Webster’s Dictionary defines a recession as “a period of reduced economic activity”, and a depression as “a period of low general economic activity marked especially by rising levels of unemployment.”
Rising levels of unemployment? According to Mort Zuckerman, Editor-In-Chief of US News and World Report, in his 6/20/2011 article “Why The Jobs Situation Is Worse Than It Looks”:
“In the face of the most stimulative fiscal and monetary policies in our history, we have experienced the loss of over 7 million jobs, wiping out every job gained since the year 2000. From the moment the Obama administration came into office, there has been no net increases in full-time jobs … Total payrolls today amount to 131 million, but this figure is lower than it was at the beginning of 2000, even though our population has grown by nearly 30 million.”
The unemployment rate remains at 9.1%, with some estimates — but, when you factor in the millions who have stopped looking for work — the unemployment rate exceeds 16%.
Those stimulative fiscal and monetary policies have compounded another problem contributing to our economic woes: an out-of-control federal budget deficit. Since President Obama took office in 2009, the federal deficit has grown by $3.5 trillion, with 41 cents of every dollar spent being borrowed.
Further, the Congressional Budget Office (CBO) estimates the US’s ratio of debt-to-GNP (gross national product) will be 69% in 2011, and expand to 101% in 2021 if current policies aren’t altered.

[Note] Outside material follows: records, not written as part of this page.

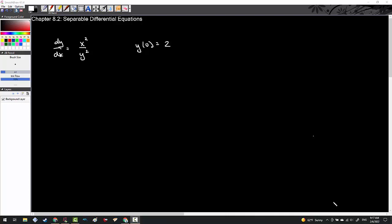Welcome everybody to Calculus BC. In today's episode, we're going to be discussing chapter 8.2, which is the separable differential equation.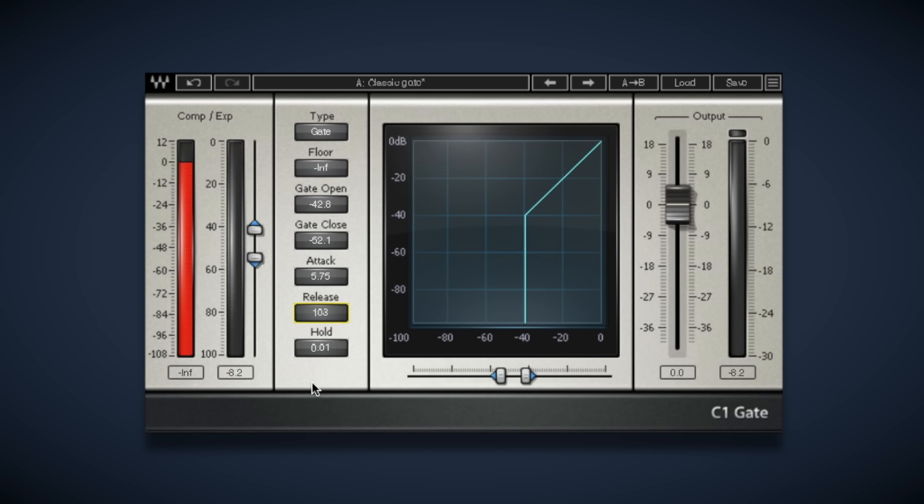If you have a rather breathy vocal take, you may want to have a slow attack and release and a slightly long hold, but if you've got a more aggressive vocal that's quite choppy, you may want to speed those up a little bit.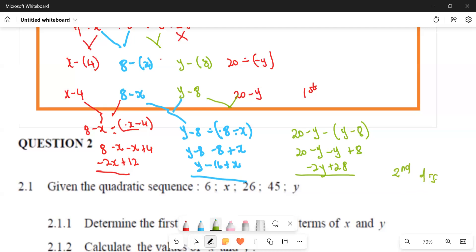Even if you fail to get this question fully correct, there are marks for the first difference and marks for the second difference. Just being able to apply the mathematics and get the first and second difference will earn you marks, so make sure you get those.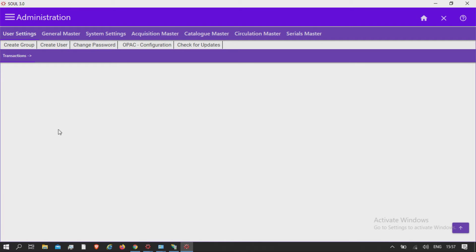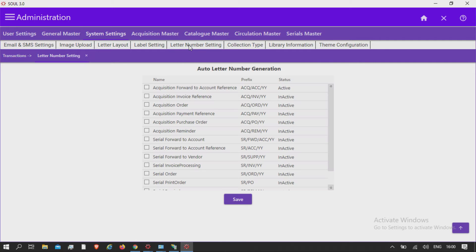Administration, system settings, letter number setting. This option will allow you to set a standard reference which should appear before the dispatch serial number. In each type of standard communication you will be sending from the system, set the reference code in this form.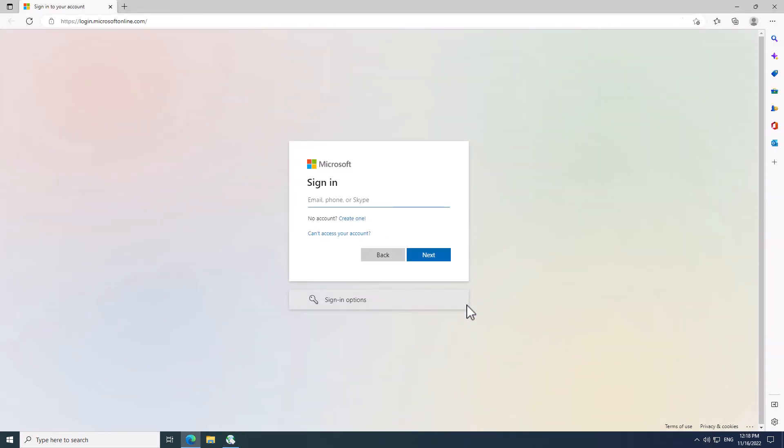At this point, OE Classic will open up your default web browser to show this Microsoft sign-in screen. I'm using Microsoft Edge here, but if you use Chrome or Firefox, it will simply open up those instead if they are set as default. In this part of the process, you have to log in to your email account using your web browser.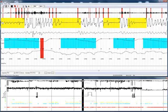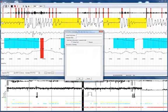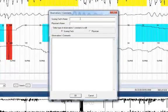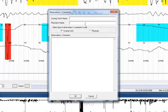The observation screen is where you would enter the scoring technologist name, the physician's name, to enter in observations.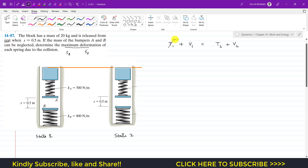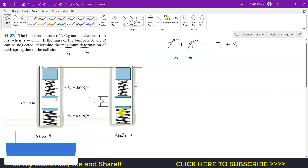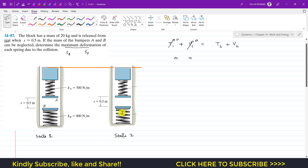At state one, both springs are unstretched so there is no elastic potential energy, and since the mass is at the datum line the gravitational potential energy is also zero. Therefore the total potential energy at state one is zero. The block moves, collides, and after collision comes to rest, so the kinetic energy at state two is also zero.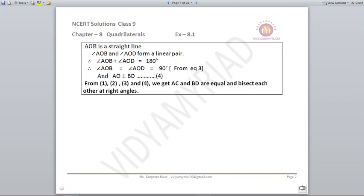Since AOB forms a straight line, angle AOB + angle AOD = 180° (linear pair). But we already know angle AOB = angle AOD, so each comes to 90°. Therefore AC and BD are equal and bisect each other at right angles. Do it step by step and you will be able to prove all things easily.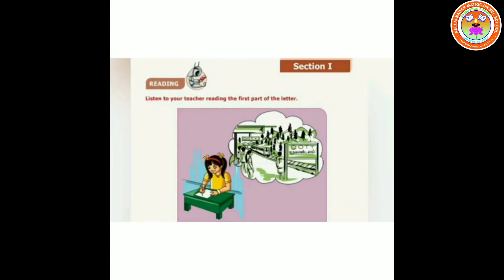Now let us get into the lesson - Trip to Ooty, Section 1. Have you gone to Ooty? A few of us live in Ooty and a few of us have gone to Ooty. Ooty is a very good place for summer vacation. It is known as the Queen of Hills. In this lesson, there is a girl who writes a letter to her friend about her trip to Ooty.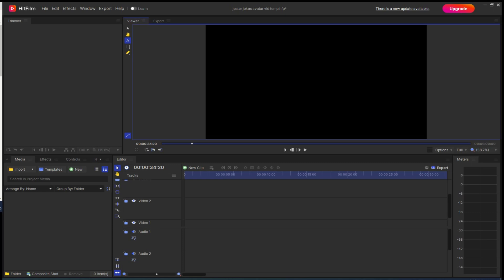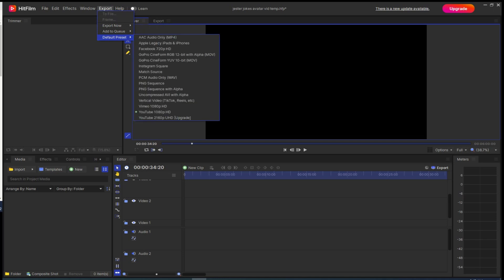There are two ways that you can make a video in HitFilm without a background. The first way is to click on the Export tab. On the drop-down menu, select Default Presets. Under Default Presets, select Uncompressed AVI with Alpha.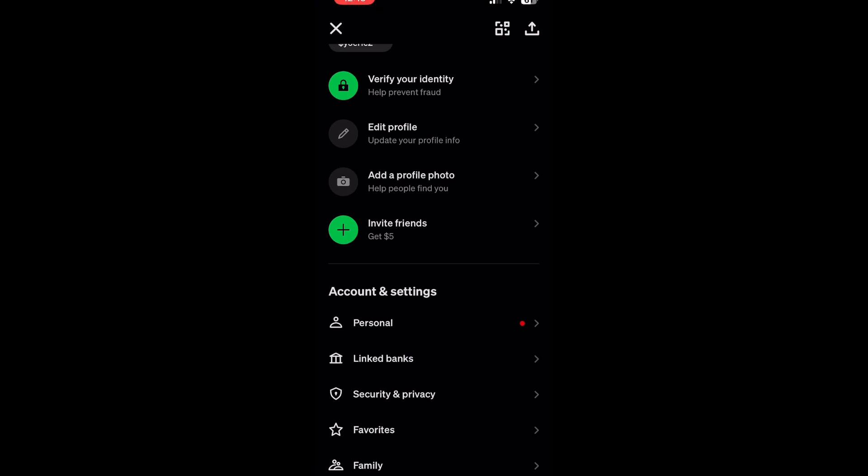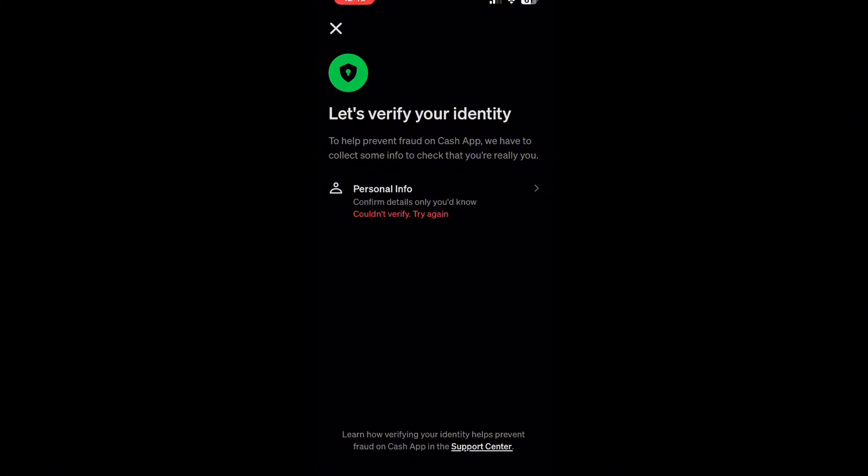Now what you want to do is verify. The first thing you want to do is click on verify your identity. Once you're here, it's going to say couldn't verify, try again.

Obviously, a debt crisis of this magnitude does little to generate the consumer and investor confidence necessary for economic recovery. Nor do three wars, collapsing home values, rising food and gas prices, and increasing inflation, foreclosure rates and personal bankruptcy filings. Not to mention the fact that the European economy is in even worse shape than ours.
So, are we in a recession or a depression?
Ronald Reagan answered this question brilliantly during his 1980 presidential campaign. In describing similarly dire economic conditions he said, “A recession is when your neighbor loses his job; a depression is when you lose yours; and a recovery is when Jimmy Carter loses his.”
Let’s just hope the recovery has begun long before we follow Reagan’s advice in November 2012.